DATASET CONTENT:
+++

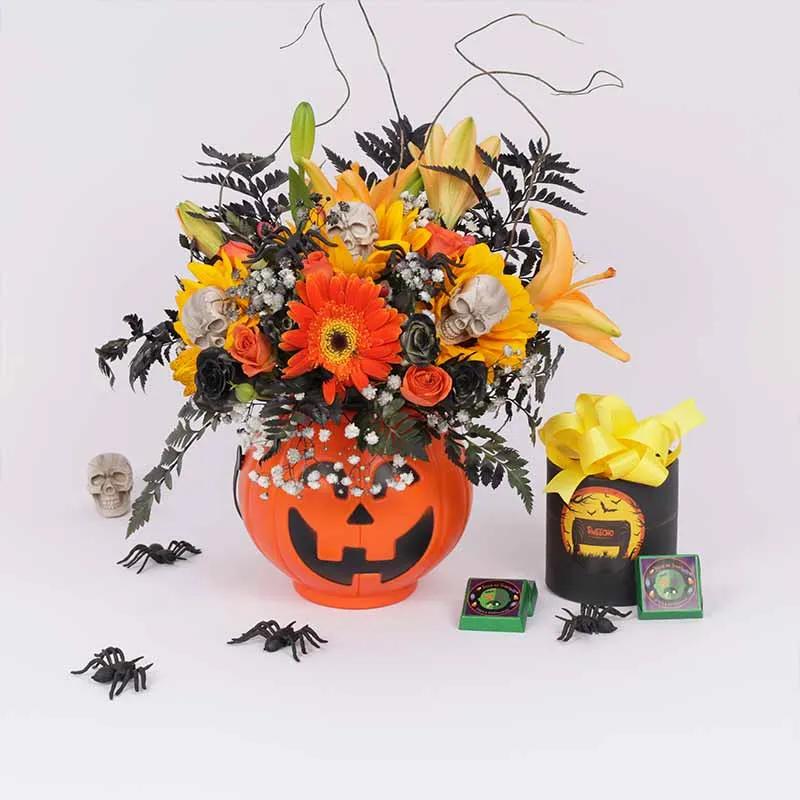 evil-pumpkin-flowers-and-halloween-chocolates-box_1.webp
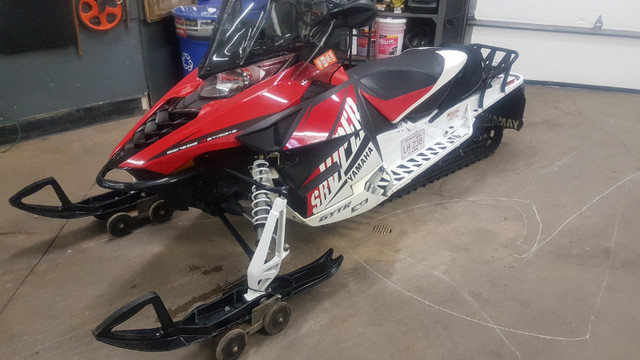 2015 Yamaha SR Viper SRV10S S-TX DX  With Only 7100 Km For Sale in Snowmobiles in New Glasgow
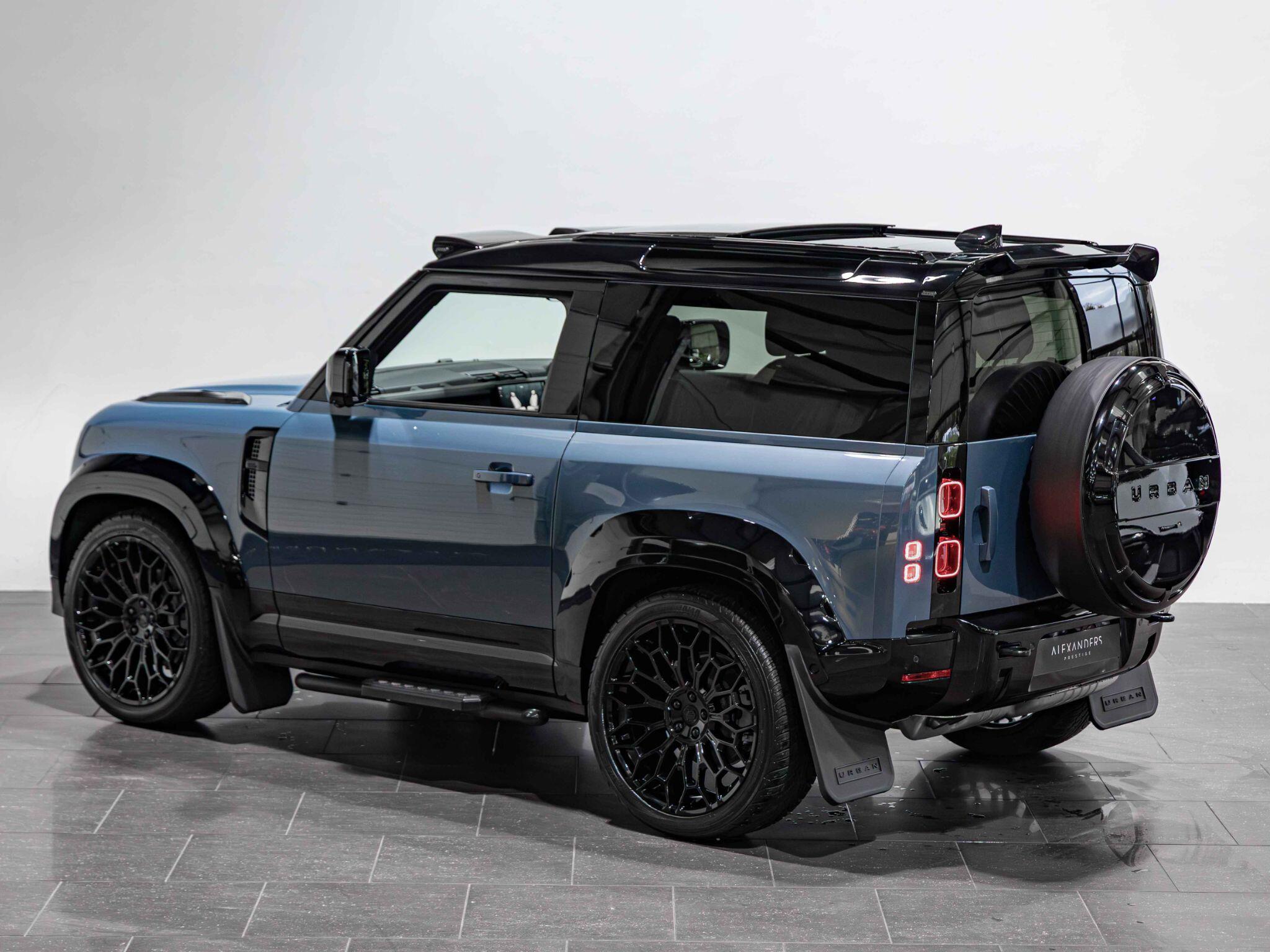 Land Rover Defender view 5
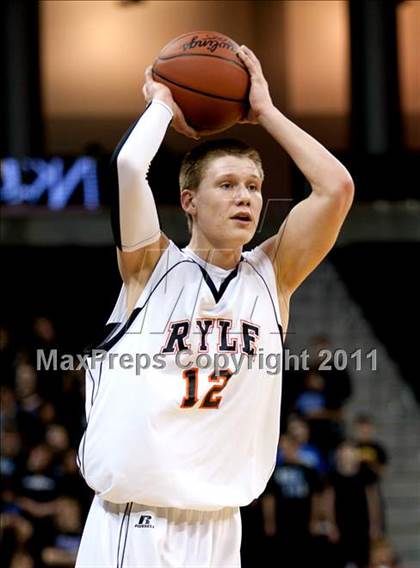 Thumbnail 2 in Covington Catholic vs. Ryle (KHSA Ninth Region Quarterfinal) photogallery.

+++

ACTIVITY: Go through the listing above and write it all out exactly, leaving out any picture.

OUTPUT FOR THIS EXERCISE:
 evil-pumpkin-flowers-and-halloween-chocolates-box_1.webp
 2015 Yamaha SR Viper SRV10S S-TX DX  With Only 7100 Km For Sale in Snowmobiles in New Glasgow
 Land Rover Defender view 5
 Thumbnail 2 in Covington Catholic vs. Ryle (KHSA Ninth Region Quarterfinal) photogallery.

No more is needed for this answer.